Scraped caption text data
┌──

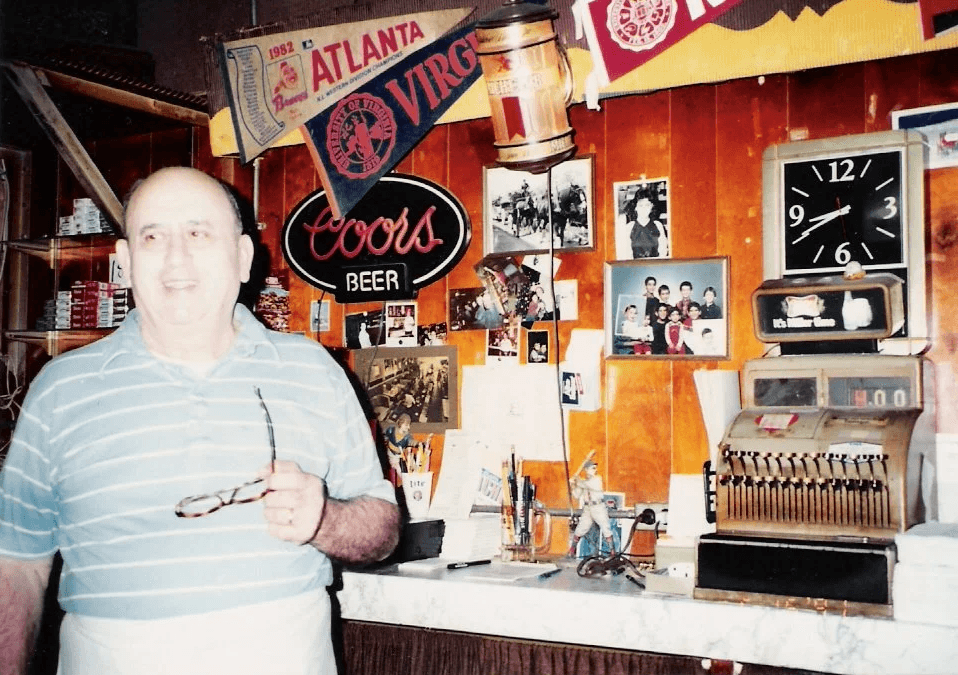 George Najour behind the bar at George's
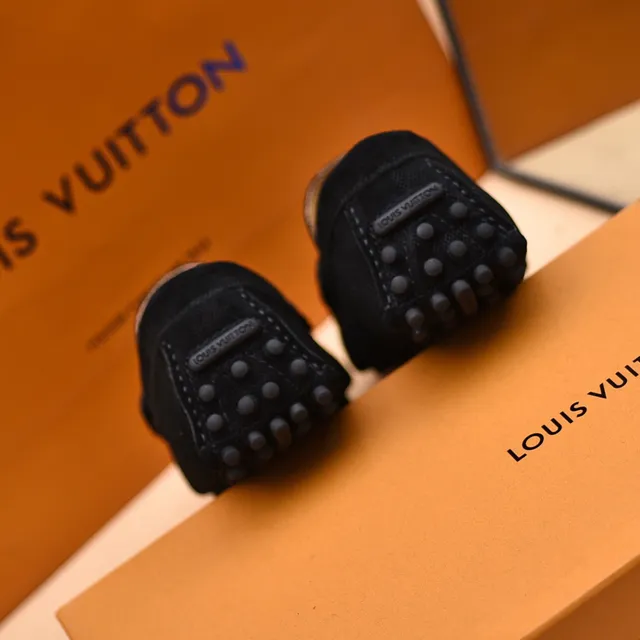 Louis Vuitton Noir Gris Damier-Patterned à carreaux Texturé Suede-Like Supérieur Loafer 3
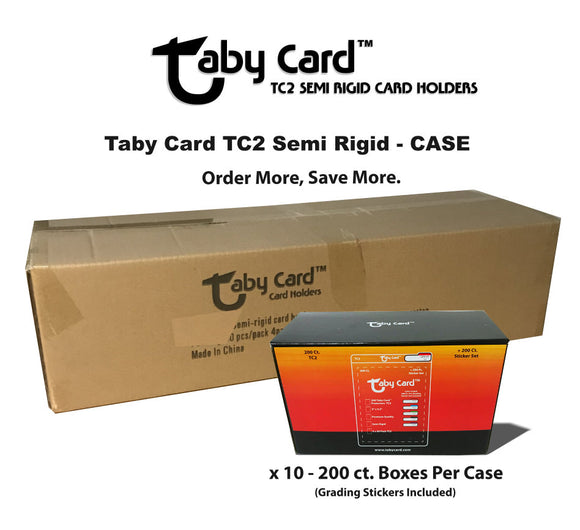 Taby Card™ TC2 Semi Rigid Card Holders  2000 Ct. Case with Pre-Grading Stickers x 10 Boxes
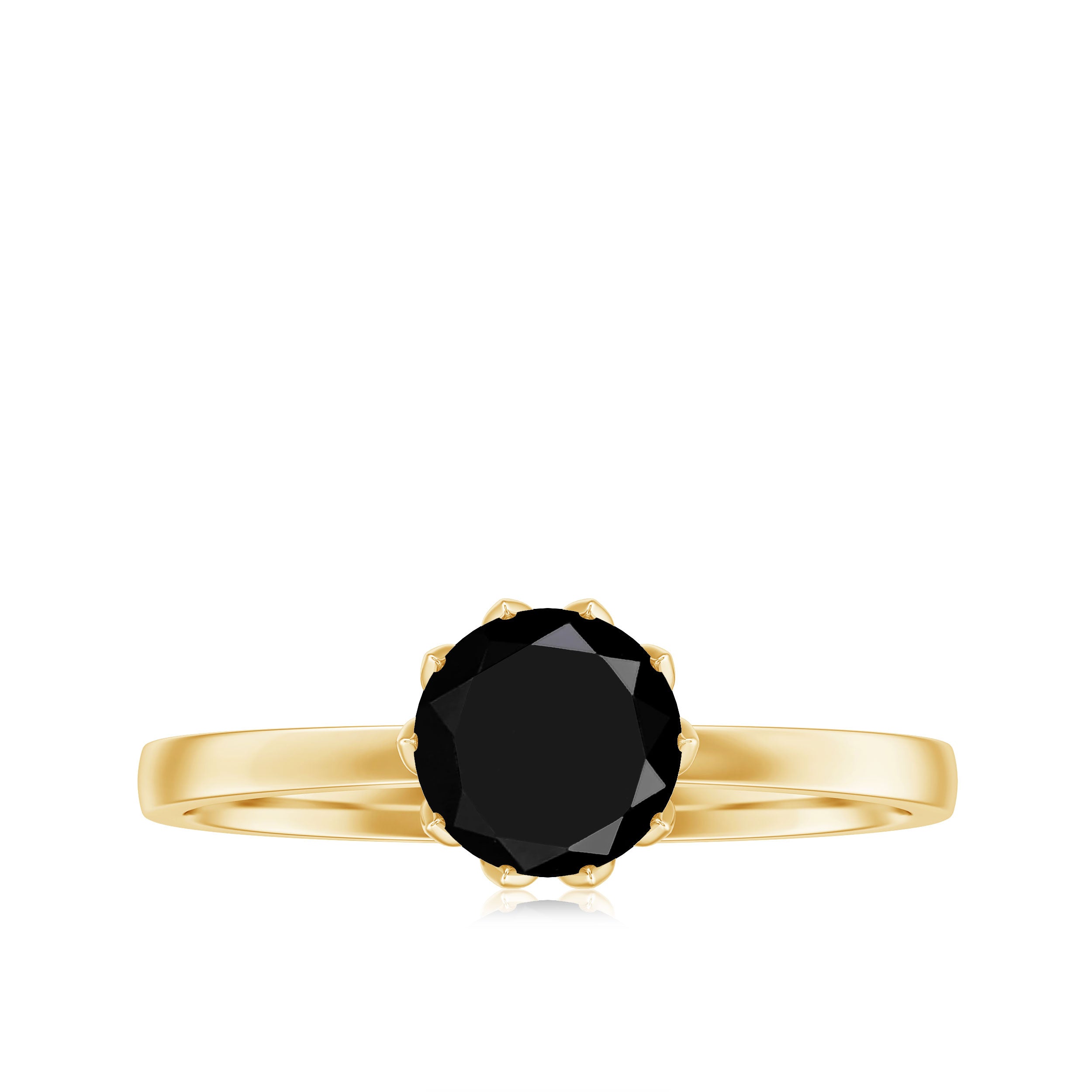 Rosec Jewels-Lab-Created Black Diamond Solitaire Ring in Lotus Basket Setting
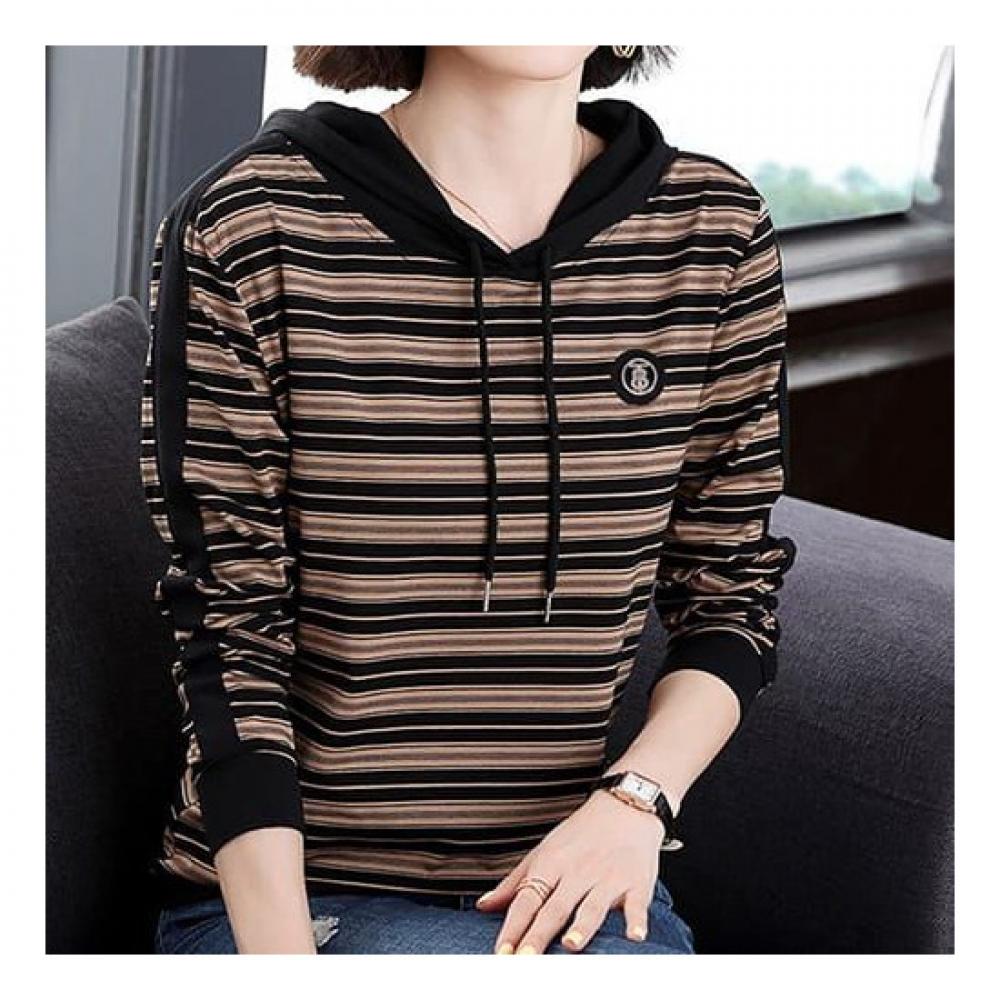 Navava Men NT1356 Casual STriped Long Sleeve Hoodie T shirT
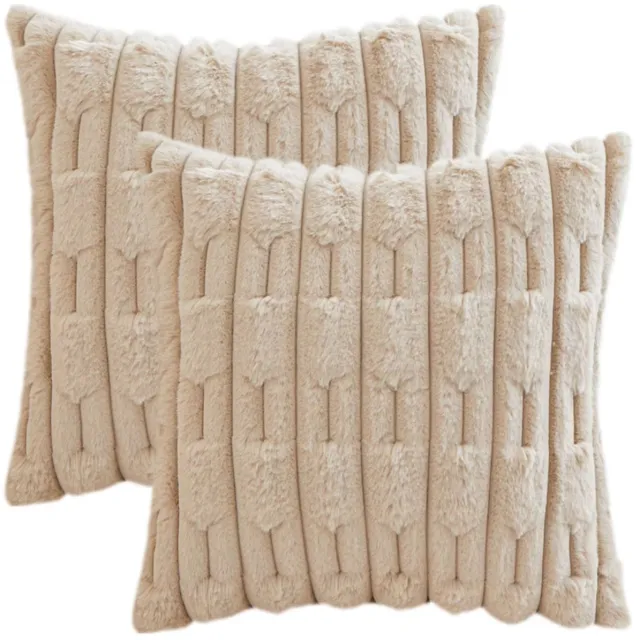 LUXALIVING Sierkussens 45x45 cm – Set van 2 – Inclusief Vulling – Teddy Bouclé – Kaki – Bank & Woonkamer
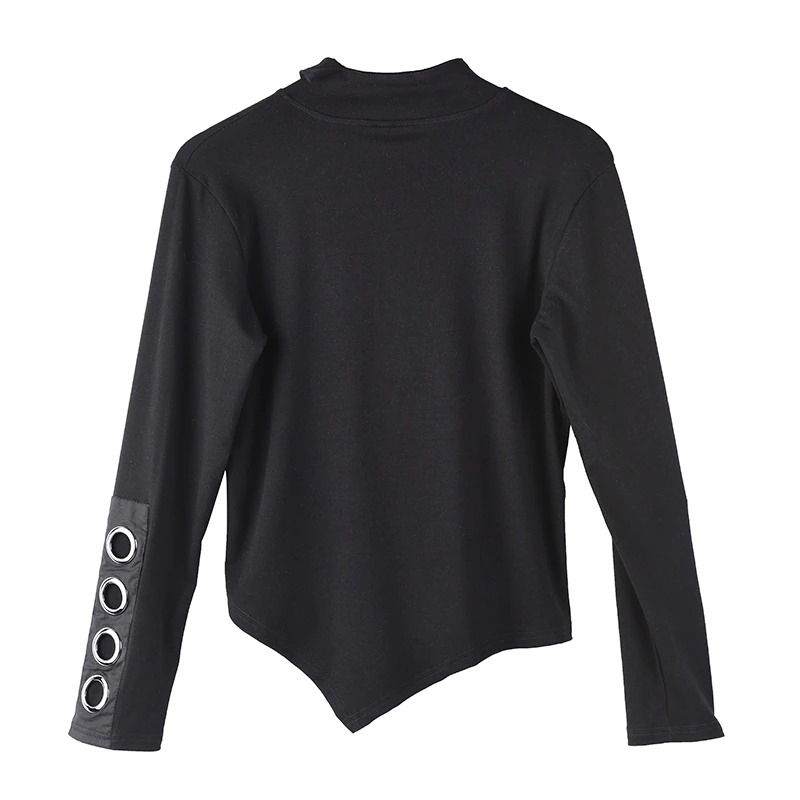 Women's Long Sleeve Black Asymmetrical Top / Fashion Cotton Clothing With Stand Collar - HARD'N'HEAVY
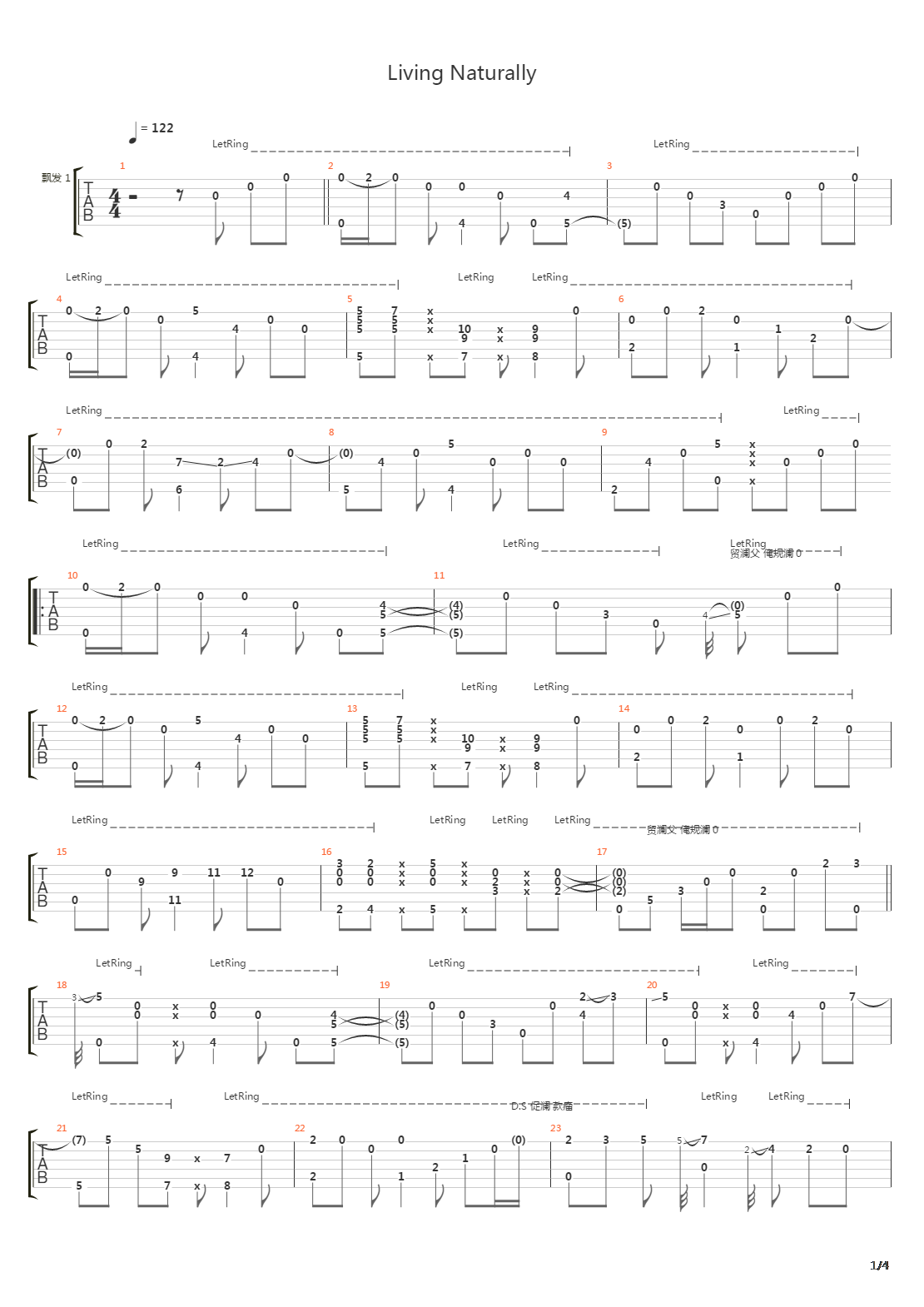 Living Naturally吉他谱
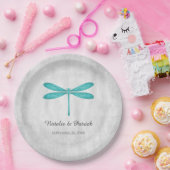 Blauwgroen Borden voor rondzwevende dragonvliezen Papieren Bordje (Feest)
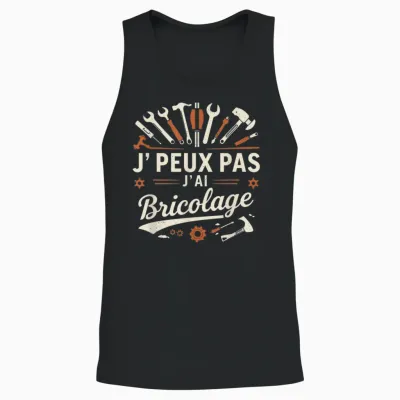 Funny Dad Bricoleur J'peux Pas J'ai Bricolage Garage Funny Unisex Tank Top - Black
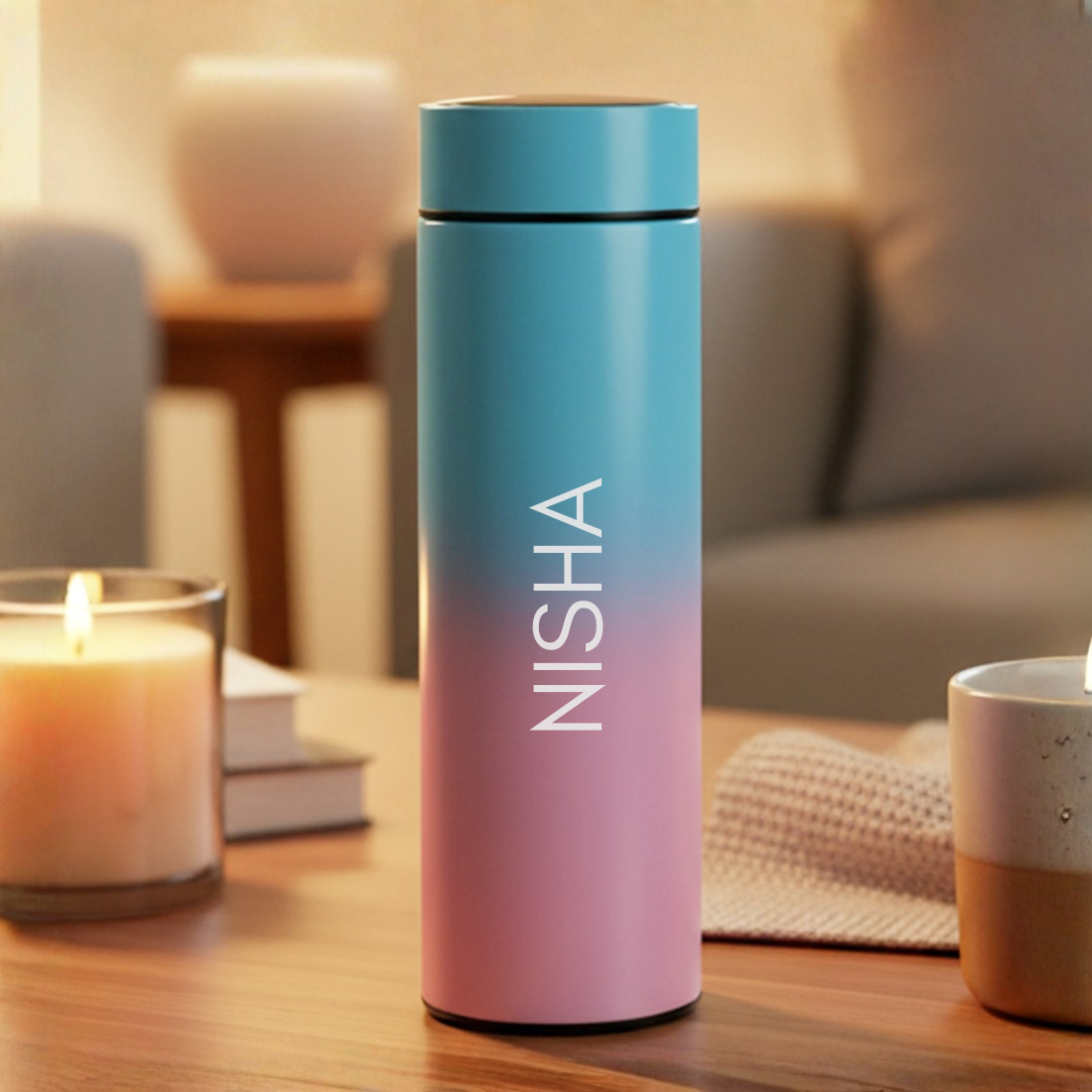 Personalised Thermos Flask with Temperature Display- 500ml Insulated Bottle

└──

Pictures are to be left out, while the records are copied word for word.

 George Najour behind the bar at George's
 Louis Vuitton Noir Gris Damier-Patterned à carreaux Texturé Suede-Like Supérieur Loafer 3
 Taby Card™ TC2 Semi Rigid Card Holders  2000 Ct. Case with Pre-Grading Stickers x 10 Boxes
 Rosec Jewels-Lab-Created Black Diamond Solitaire Ring in Lotus Basket Setting
 Navava Men NT1356 Casual STriped Long Sleeve Hoodie T shirT
 LUXALIVING Sierkussens 45x45 cm – Set van 2 – Inclusief Vulling – Teddy Bouclé – Kaki – Bank & Woonkamer
 Women's Long Sleeve Black Asymmetrical Top / Fashion Cotton Clothing With Stand Collar - HARD'N'HEAVY
 Living Naturally吉他谱
 Blauwgroen Borden voor rondzwevende dragonvliezen Papieren Bordje (Feest)
 Funny Dad Bricoleur J'peux Pas J'ai Bricolage Garage Funny Unisex Tank Top - Black
 Personalised Thermos Flask with Temperature Display- 500ml Insulated Bottle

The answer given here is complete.